Image-text web data:

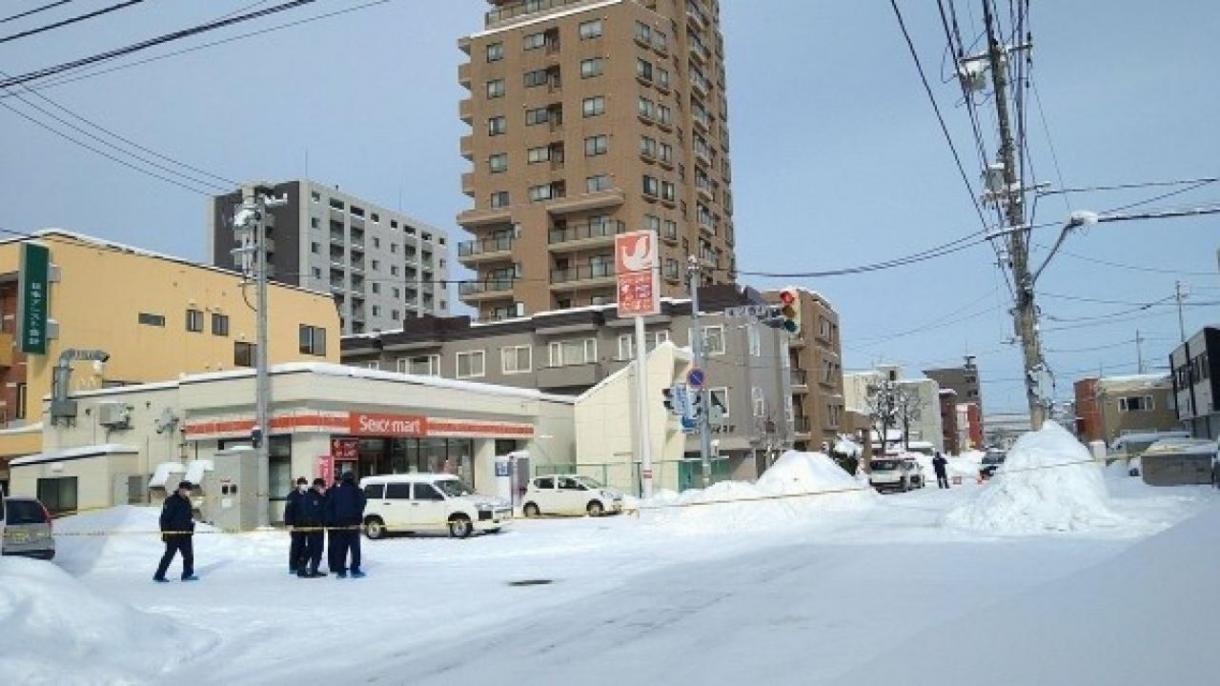 日本札幌市一市场发生持刀袭击事件造成人员死伤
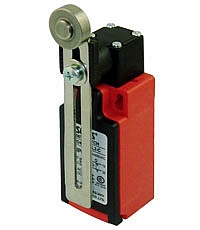 Would you have the SND4108-SP-A-R limit switch that has to be manually reset? The one I have, the reset button is a blue switch
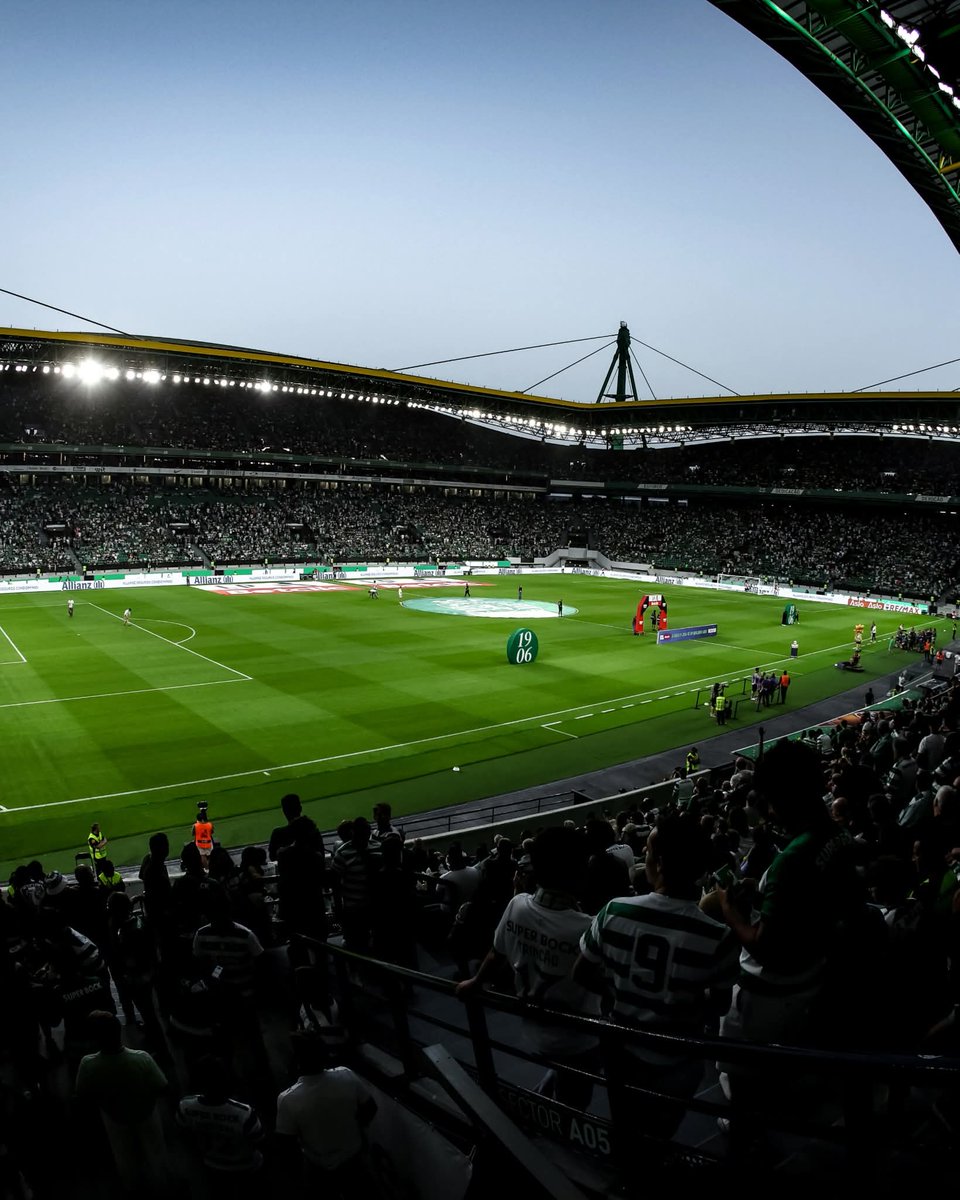 A nossa casa 💚 Bom dia, Leões 🦁 

#SportingCP #NúcleoSCPBarcelos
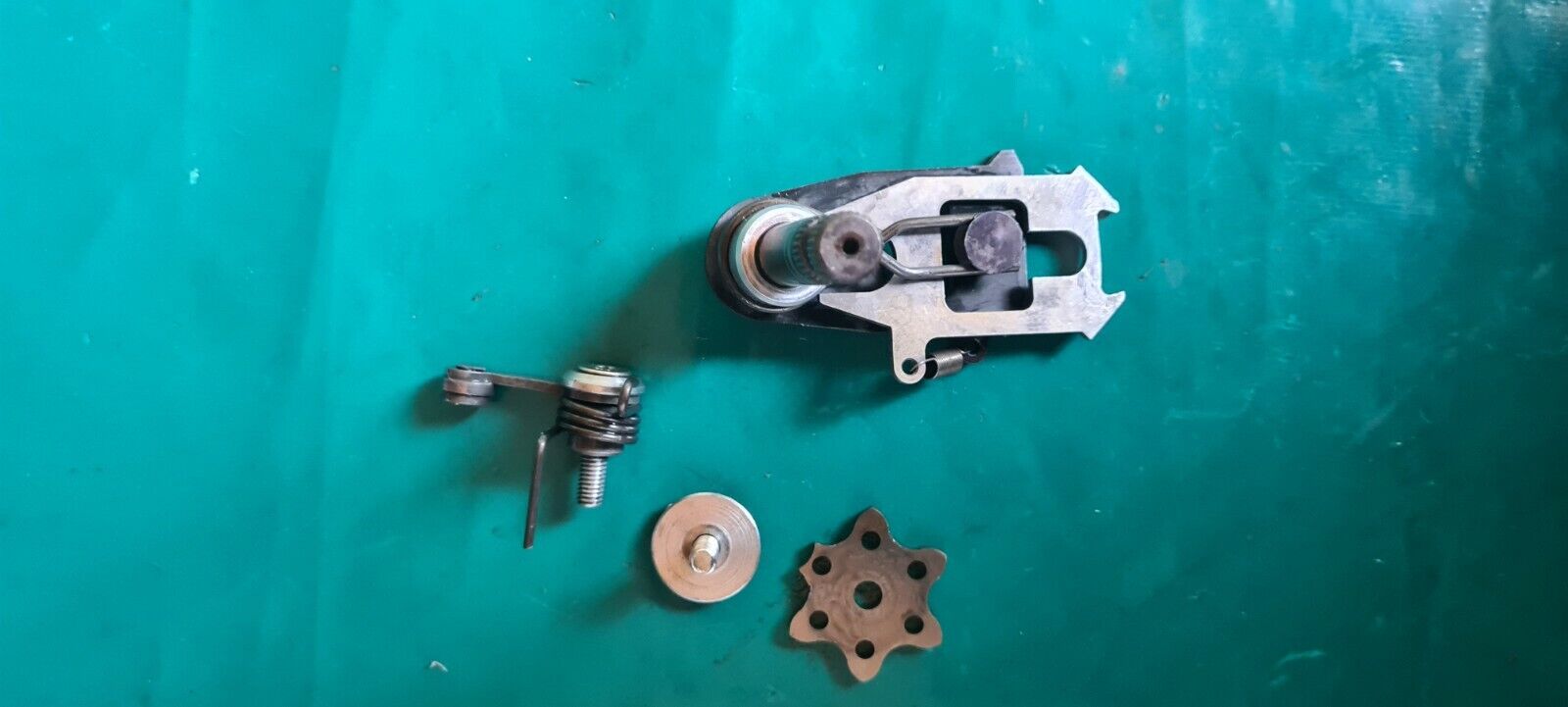 Kit de sélection de vitesses avec arbre de sortie de boîte 450 VOR 2000 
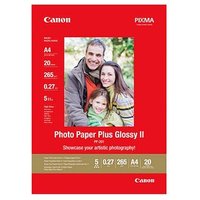Canon Fotopapier PP-201 DIN A4 hochglänzend 265 g/qm 20 Blatt von Canon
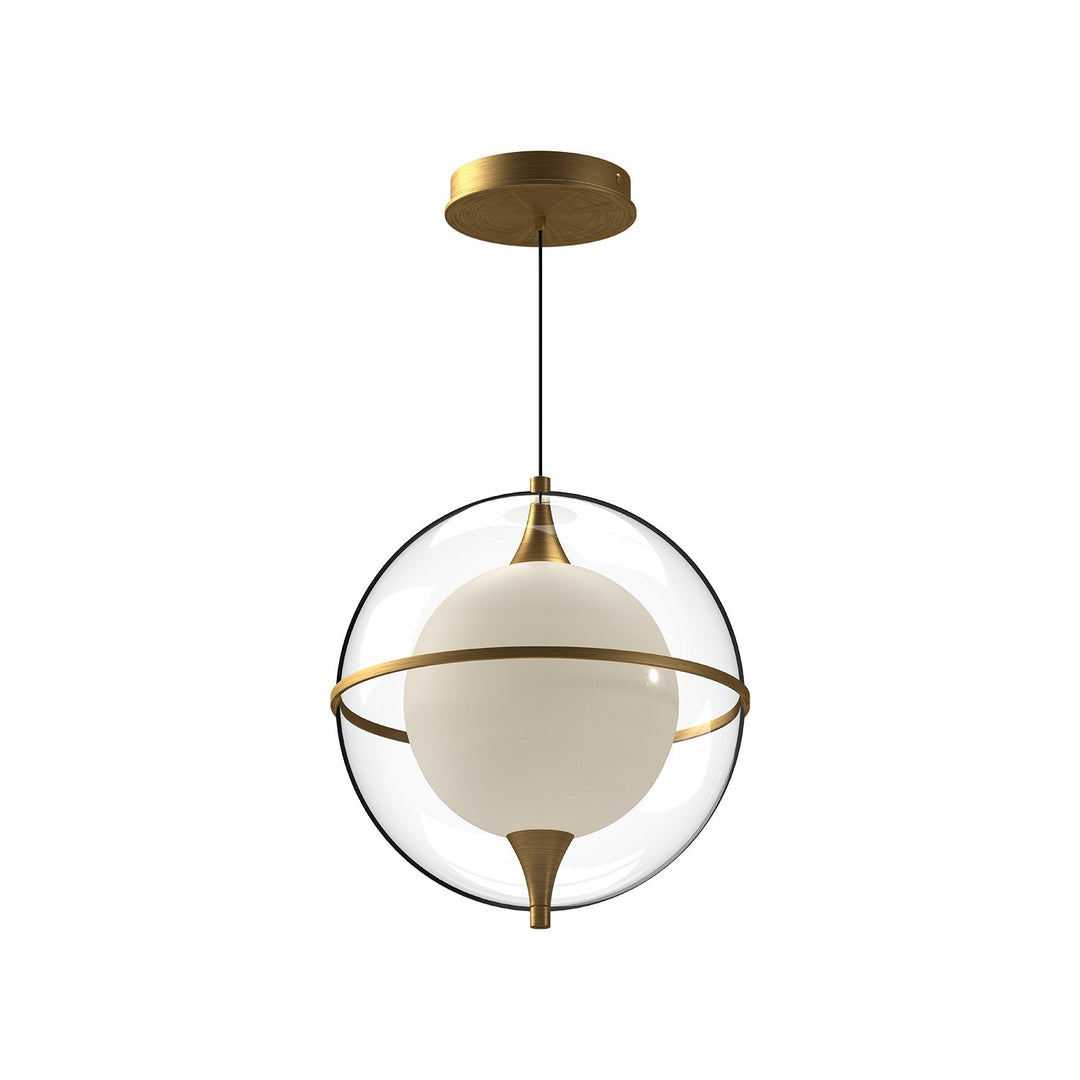 Kuzco Lighting PD76712-BG Aries Pendant Light Brushed Gold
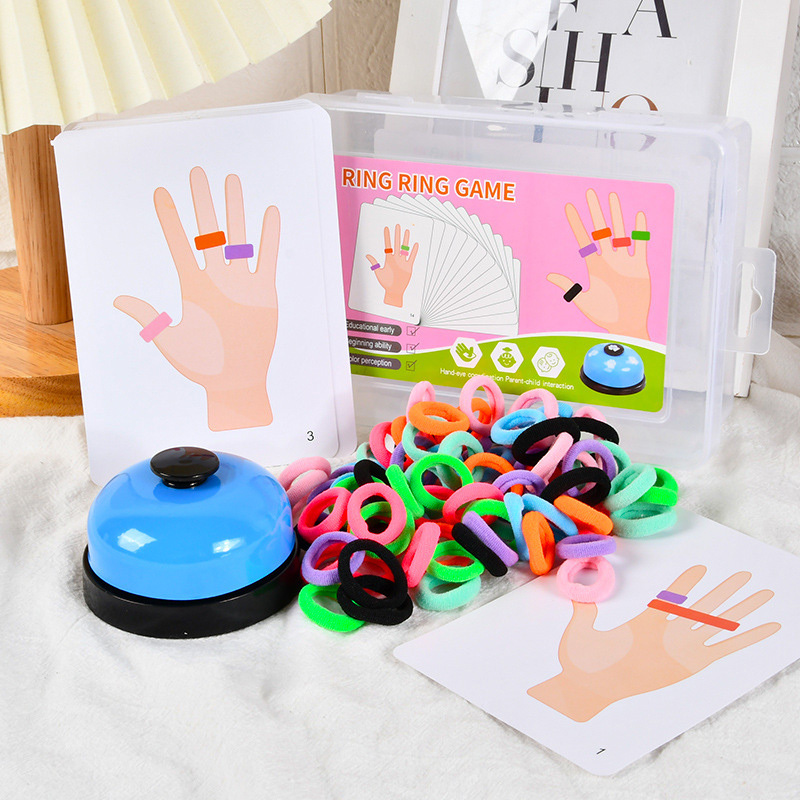 Board Game For Kids - Gioco da tavolo con anello per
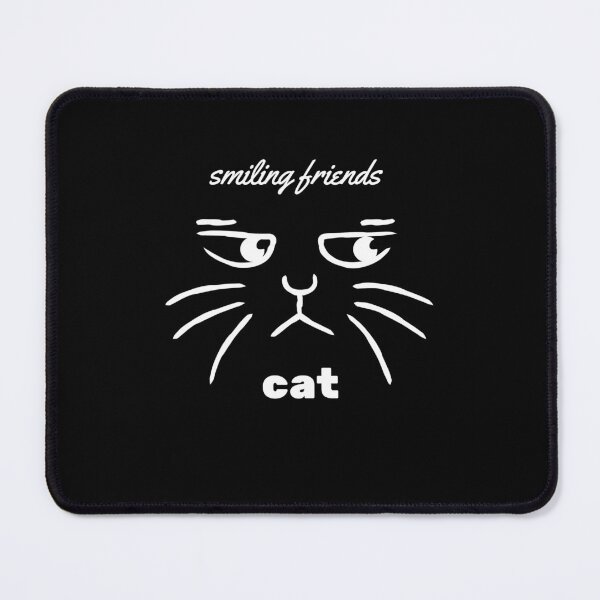 Item preview, smiling friends cat designed and sold by Khaila-shop.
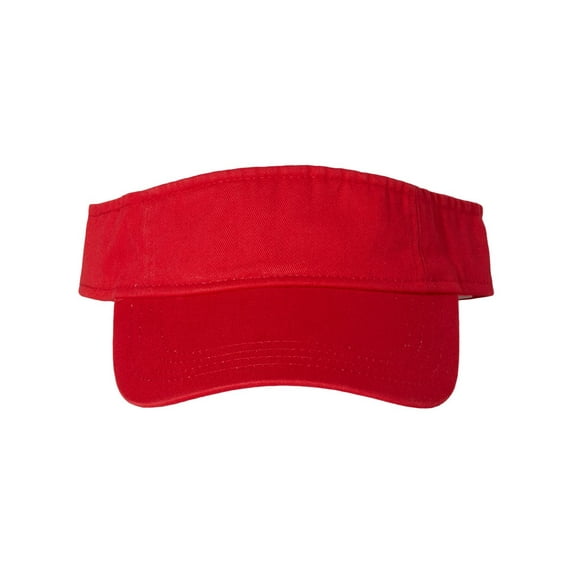 Valucap Bio-Washed Visor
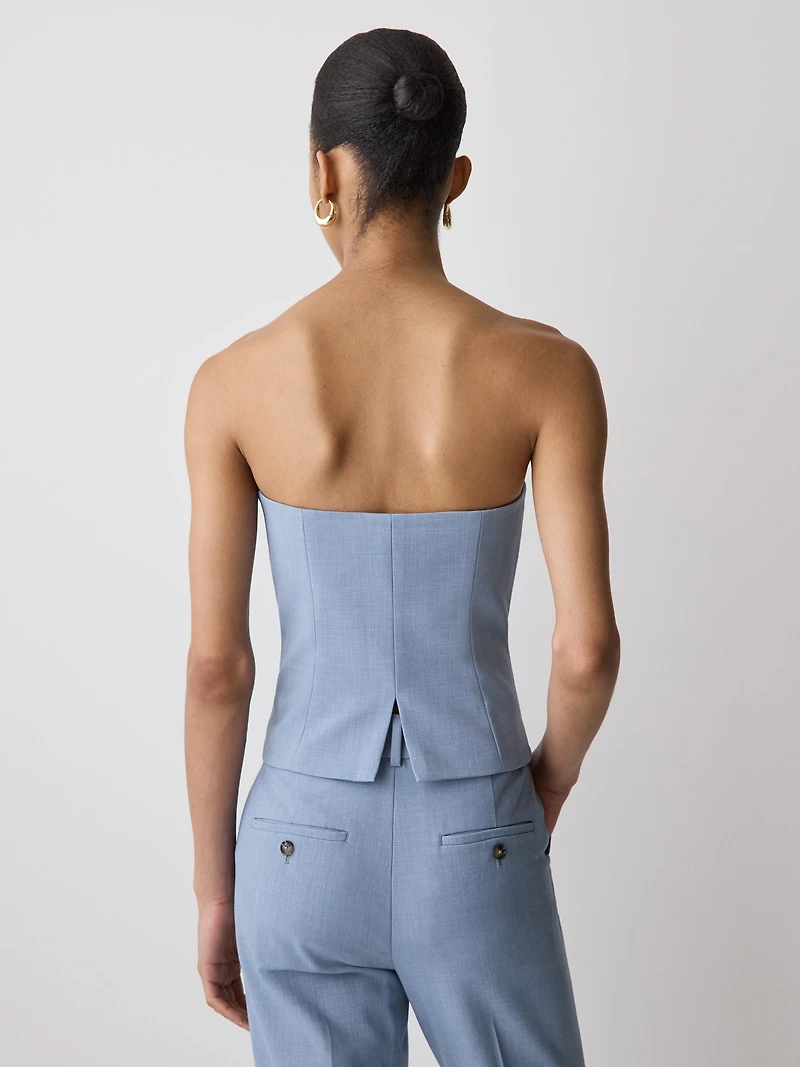 Bustier Tube Top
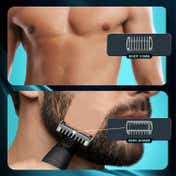 Ikonic Me Masterstroke Personal Groomer - Grey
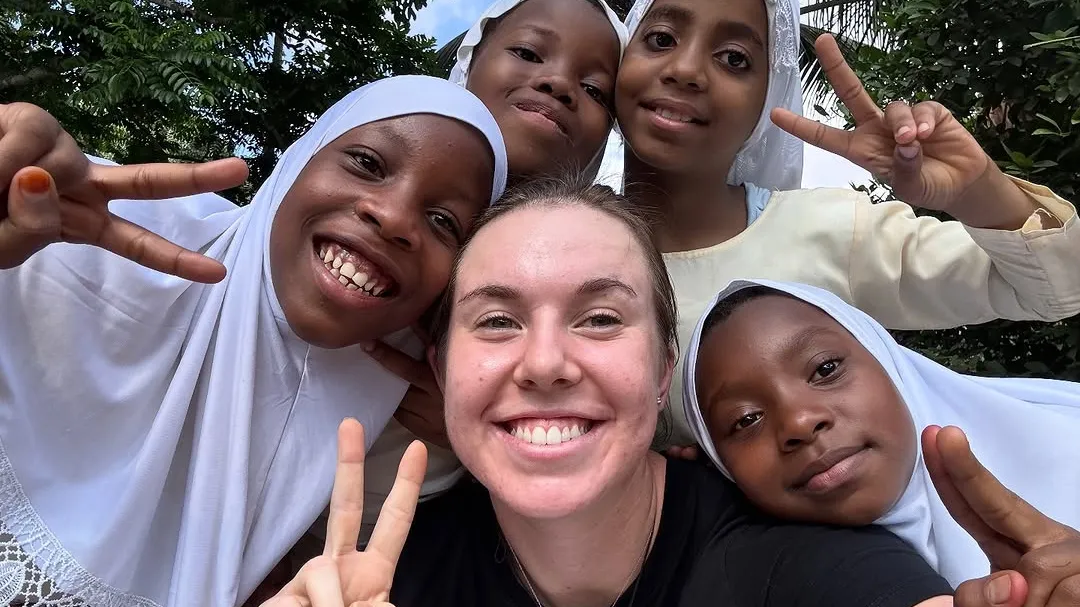 Players didn’t believe I was volunteering in Zanzibar school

| Task details |
Could you copy exactly, and with no pictures, the lines above from the one containing "Item preview, smiling" through the last line, both included?

| Output |
 Item preview, smiling friends cat designed and sold by Khaila-shop.
 Valucap Bio-Washed Visor
 Bustier Tube Top
 Ikonic Me Masterstroke Personal Groomer - Grey
 Players didn’t believe I was volunteering in Zanzibar school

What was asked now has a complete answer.